I have a series of photos:
https://drive.google.com/drive/folders/1ZZgZUrFrnP47rx8bN5K6yvYnSC50a-9G?usp=drive_link

Which were take with an iPhone 13 Pro Max

I have used this dataset with Instant NGP from NVIDIA and with Gaussian Splatting to produce a good radiance field.

Do you think this dataset will work with the code in this repository.
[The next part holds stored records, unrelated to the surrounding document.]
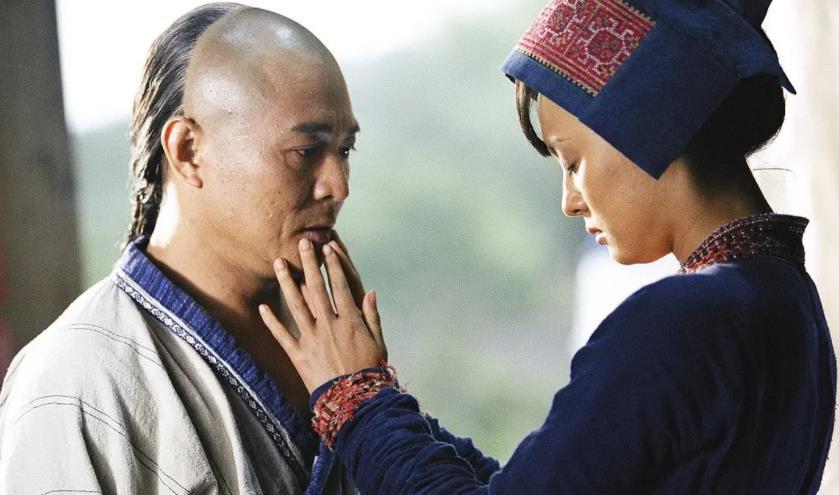 #霍元甲#吴京御用替身出演霍元甲，功夫获成龙认可，看得我热血沸腾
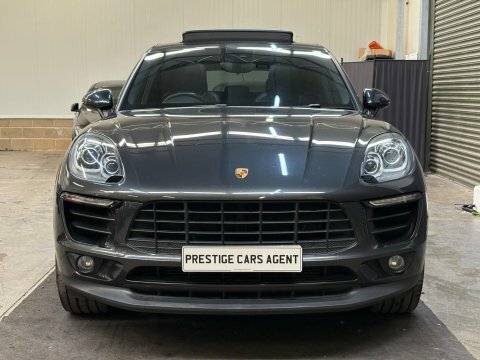 Porsche Macan 2.0T Pdk 4Wd PY18NFR #2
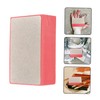 LALAFINA Diamond Polishing Pad Durable Handheld Tool for Stone Polishing
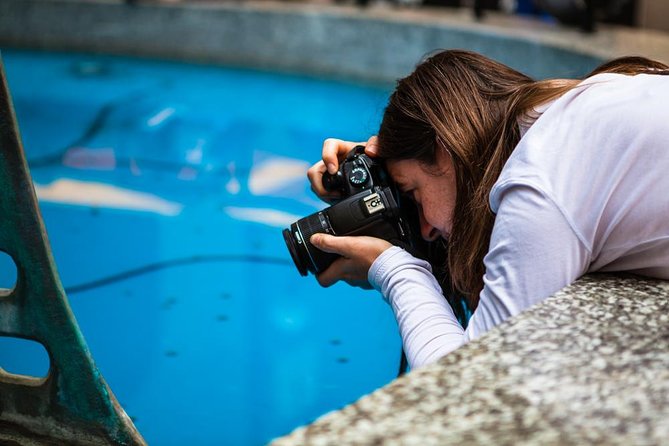 Private Course - Beginners Photography Workshop - Gain Photography Skills for Vacations
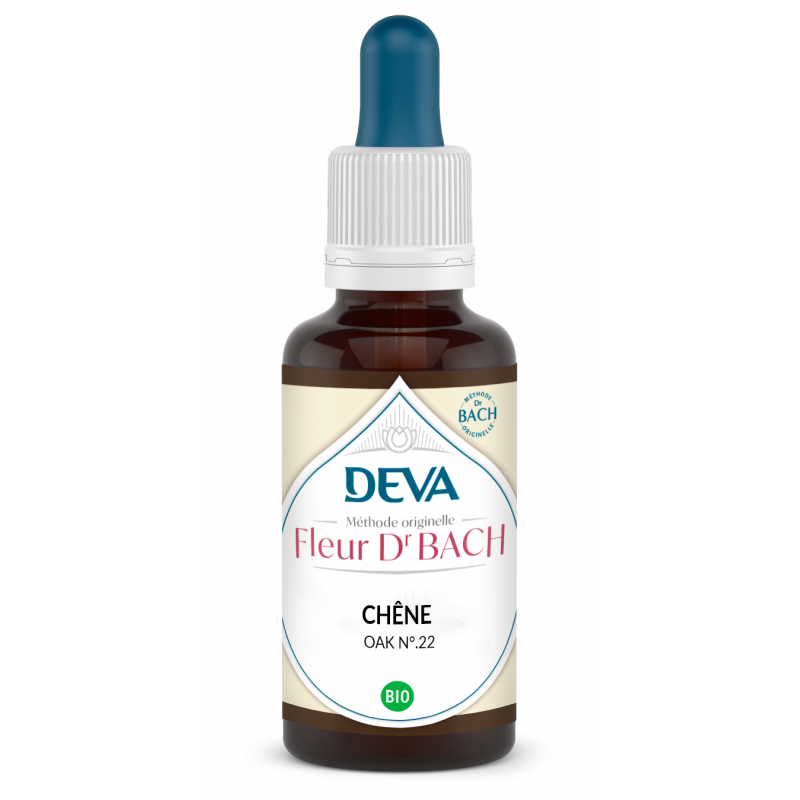 Déva Chêne / Oak | Fleur de Bach Bio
My changes are recorded here

diff --git a/data/iphone.py b/data/iphone.py
index 05cf1d5..e34bcc8 100644
--- a/data/iphone.py
+++ b/data/iphone.py
@@ -17,7 +17,7 @@ from util import log,debug
 class Dataset(base.Dataset):
 
     def __init__(self,opt,split="train",subset=None):
-        self.raw_H,self.raw_W = 1080,1920
+        self.raw_H,self.raw_W = 3024,4032
         super().__init__(opt,split)
         self.root = opt.data.root or "data/iphone"
         self.path = "{}/{}".format(self.root,opt.data.scene)
@@ -62,7 +62,7 @@ class Dataset(base.Dataset):
         return image
 
     def get_camera(self,opt,idx):
-        self.focal = self.raw_W*4.2/(12.8/2.55)
+        self.focal = self.raw_W*1.6*35.0
         intr = torch.tensor([[self.focal,0,self.raw_W/2],
                              [0,self.focal,self.raw_H/2],
                              [0,0,1]]).float()
diff --git a/options/barf_iphone.yaml b/options/barf_iphone.yaml
index f344c7b..fbfcc38 100644
--- a/options/barf_iphone.yaml
+++ b/options/barf_iphone.yaml
@@ -1,6 +1,19 @@
-_parent_: options/barf_llff.yaml
+_parent_: options/nerf_iphone.yaml
 
-data:                                                       # data options
-    dataset: iphone                                         # dataset name
-    scene: IMG_0239                                         # scene name
-    image_size: [480,640]                                   # input image sizes [height,width]
+barf_c2f:                                                   # coarse-to-fine scheduling on positional encoding
+
+camera:                                                     # camera options
+    noise:                                                  # synthetic perturbations on the camera poses (Blender only)
+
+optim:                                                      # optimization options
+    lr_pose: 3.e-3                                          # learning rate of camera poses
+    lr_pose_end: 1.e-5                                      # terminal learning rate of camera poses (only used with sched_pose.type=ExponentialLR)
+    sched_pose:                                             # learning rate scheduling options
+        type: ExponentialLR                                 # scheduler (see PyTorch doc)
+        gamma:                                              # decay rate (can be empty if lr_pose_end were specified)
+    warmup_pose:                                            # linear warmup of the pose learning rate (N iterations)
+    test_photo: true                                        # test-time photometric optimization for evaluation
+    test_iter: 100                                          # number of iterations for test-time optimization
+
+visdom:                                                     # Visdom options
+    cam_depth: 0.2                                          # size of visualized cameras
diff --git a/requirements.yaml b/requirements.yaml
index 0baf8b0..2865db4 100644
--- a/requirements.yaml
+++ b/requirements.yaml
@@ -2,6 +2,7 @@ name: barf-env
 channels:
   - conda-forge
   - pytorch
+  - nvidia
 dependencies:
   - numpy
   - scipy
@@ -10,7 +11,8 @@ dependencies:
   - easydict
   - imageio
   - ipdb
-  - pytorch>=1.9.0
+  - pytorch
+  - pytorch-cuda=11.8
   - torchvision
   - tensorboard
   - visdom

and I removed "IMG_" from the file names.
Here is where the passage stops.